From b65621751412ef166792af651e0ed5ab75edecaf Mon Sep 17 00:00:00 2001
From: Matt Miller <mattmiller@comfy.org>
Date: Tue, 30 Jun 2026 21:02:33 -0700
Subject: [PATCH] fix(jobs): harden ids filter per review
MIME-Version: 1.0
Content-Type: text/plain; charset=UTF-8
Content-Transfer-Encoding: 8bit

- parse_ids_filter: one shared parser/validator for the ids query param, used
  by the /api/jobs handler AND its tests (no more hand-copied wiring that can
  drift from — and silently outlive a regression in — the shipped handler)

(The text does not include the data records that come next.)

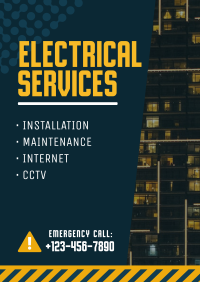 Electrical Services List Flyer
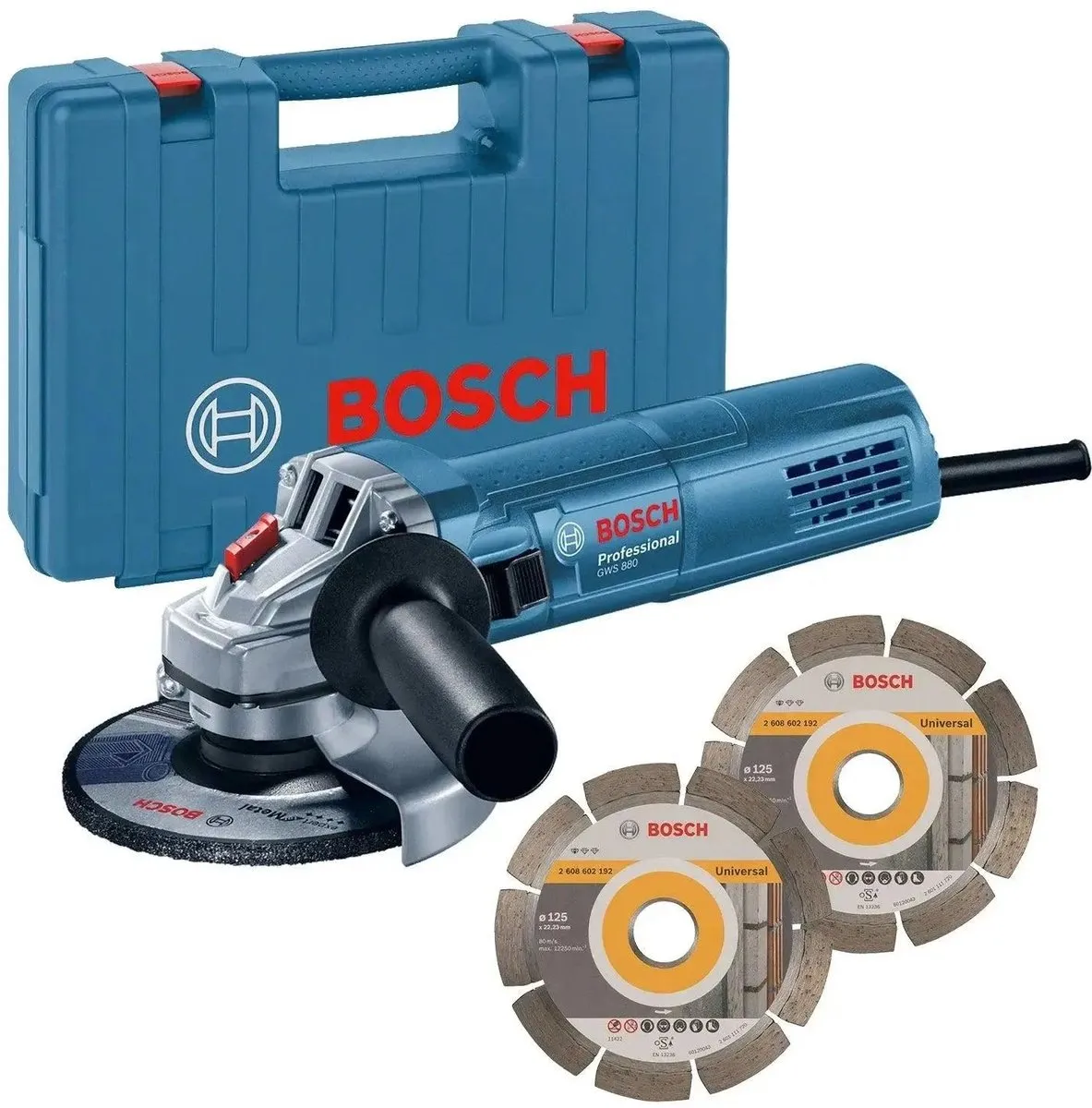 Bosch Professional GWS 880 Haakse Slijper 880W - 125mm - afbeelding 6 van 6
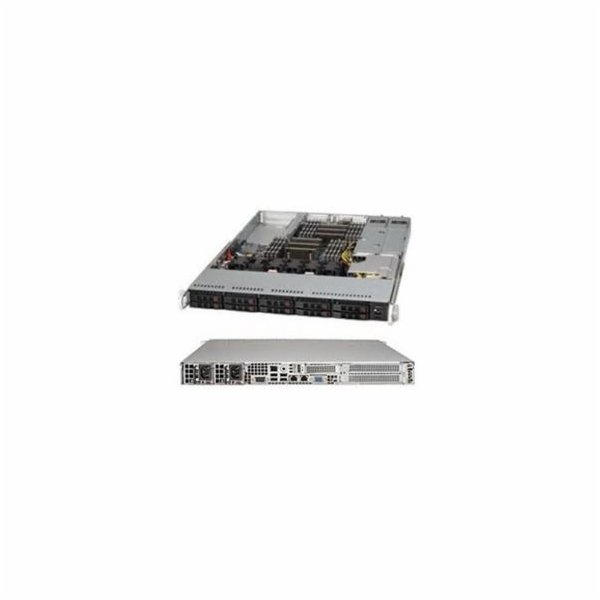 SUPERMICRO 1U chassis 10x 2,5" HS SAS3/SATA3, 2x700/750W,...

- present-but-empty ids (?ids=, ?ids=,,) is now a zero-match filter, not a
  silent 'return the entire job history'
- bounded history lookup when an ids filter is present: a batch poll costs
  O(requested ids), not O(total history)
- dedupe ids so the max-count cap bounds distinct values, not repeats
- .get('id') instead of j['id'] so a job missing its id degrades to no-match
  rather than a 500
---
 comfy_execution/jobs.py                     |  88 ++++++++++++++--
 server.py                                   |  33 ++----
 tests-unit/jobs_list_test/jobs_list_test.py | 111 ++++++++++++++------
 3 files changed, 165 insertions(+), 67 deletions(-)

diff --git a/comfy_execution/jobs.py b/comfy_execution/jobs.py
index f0f9b32ec..508413b79 100644
--- a/comfy_execution/jobs.py
+++ b/comfy_execution/jobs.py
@@ -31,8 +31,9 @@ class JobStatus:
     ALL = [PENDING, IN_PROGRESS, COMPLETED, FAILED, CANCELLED]
 
 
-# Maximum number of ids accepted by the `ids` filter on the jobs listing.
-# Bounds the work a single batch-poll request can ask for.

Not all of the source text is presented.